Article-Double trouble: Fatty liver in people with diabetes

Diabetes accelerates the progression of simple fatty liver to more severe liver diseases.

Fatty liver is the accumulation of fat in liver cells, which is otherwise not a normal place for fat storage. Long standing fat in liver can damage the organ in some people and gives rise to fatty liver disease. Fatty liver can arise from excessive alcohol consumption, in that case it is called alcoholic fatty liver disease. But here we are discussing another type of fatty liver disease, which occurs in people who do not consume significant amounts of alcohol. This is called non-alcoholic fatty liver disease and is related to unhealthy lifestyle and excessive body weight (obesity). This is the most common liver disease worldwide. In the U.S., fatty liver disease is the second most common reason for liver transplantation.

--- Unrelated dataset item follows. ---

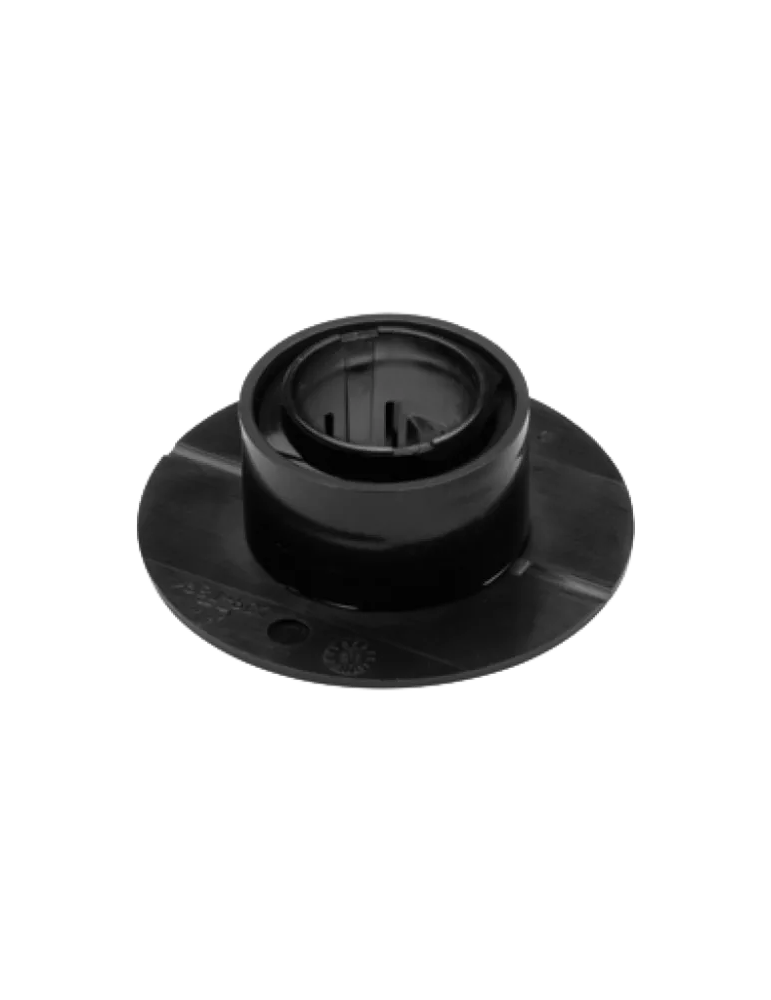 AXIS TF9905 Wall mount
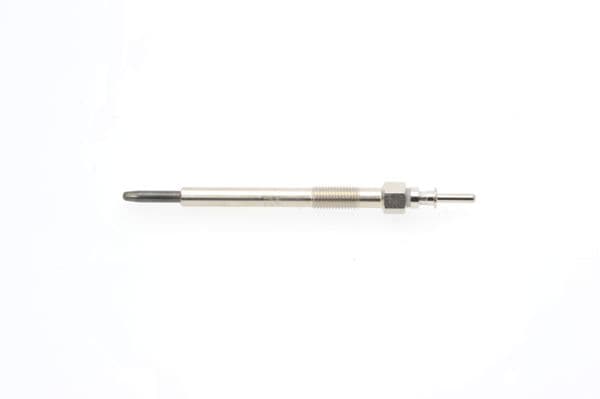 Bosch GLP092 Kalem ampul, Duraterm küçük görsel 3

What is the connection between fatty liver and diabetes?

Diabetes is another disease that is linked to unhealthy lifestyle and obesity. That is the reason fatty liver is strongly related to diabetes as well. Not only this, diabetes accelerates the progression of simple fatty liver to more severe liver diseases such as inflammation of liver (technically called non-alcoholic steatohepatitis, NASH), fibrosis, cirrhosis (scarring of liver) and even liver cancer in some patients. These are the long-term liver-related consequences of fatty liver disease.

Fatty liver individuals who have progressed to fibrosis stage are more prone to develop cardiovascular disease (heart attack and stroke) and chronic kidney disease. These are the long-term non-liver-related consequences of fatty liver disease.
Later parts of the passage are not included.